Calvin Jacobs is a widower who recently retired after a long
career with a major Midwestern
manufacturer. Beginning as a skilled craftsman, he worked his way
up to the level of shop supervisor over a period of more than 30 years with the
firm. Calvin receives Social Security benefits and a generous company pension.
Together, these amount to over $4,500 per month (part of which is tax-free).
The Jacobses had no children, so he lives alone. Calvin owns a 2-bedroom rental
house that is next to his home, and the rental income from it covers the
mortgage payments for both the rental house and his house. Over the years,
Calvin and his late wife, Allie, always tried to put a little money aside each month.

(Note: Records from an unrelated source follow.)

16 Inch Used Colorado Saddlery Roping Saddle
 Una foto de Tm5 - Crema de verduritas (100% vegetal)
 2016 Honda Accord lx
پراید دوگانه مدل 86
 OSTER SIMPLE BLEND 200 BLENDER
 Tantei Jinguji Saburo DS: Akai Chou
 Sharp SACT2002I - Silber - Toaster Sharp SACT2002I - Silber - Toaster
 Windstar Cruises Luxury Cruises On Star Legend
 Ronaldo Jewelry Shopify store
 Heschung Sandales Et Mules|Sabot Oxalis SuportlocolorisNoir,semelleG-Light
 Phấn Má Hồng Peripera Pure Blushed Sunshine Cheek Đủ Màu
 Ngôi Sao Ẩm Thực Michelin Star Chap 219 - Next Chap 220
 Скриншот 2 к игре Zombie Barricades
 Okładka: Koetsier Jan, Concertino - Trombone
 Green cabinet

The results have been nothing short of phenomenal. The value of Calvin’s liquid
investments (all held in bank CDs and savings accounts) runs well into the 6
figures. Up to now, Calvin has just let his money grow and has not used any of
his savings to supplement his Social Security, pension, and rental income. But
things are about to change. Calvin has decided, “What the heck, it’s time I
start living the good life!” Calvin wants to travel and, in effect, start
reaping the benefits of his labors. He has therefore decided to move $100,000
from a savings account to 1 or 2 high-yielding mutual funds. He would like to
receive $1,000 to $1,500 a month from the fund(s) for as long as possible
because he plans to be around for a long time.
a. Given Calvin’s financial resources and investment objectives, what
kinds of mutual funds do
you think he should consider?
b. What factors in Calvin’s situation should be taken into
consideration in the fund selection
How might these affect Calvin’s course of action?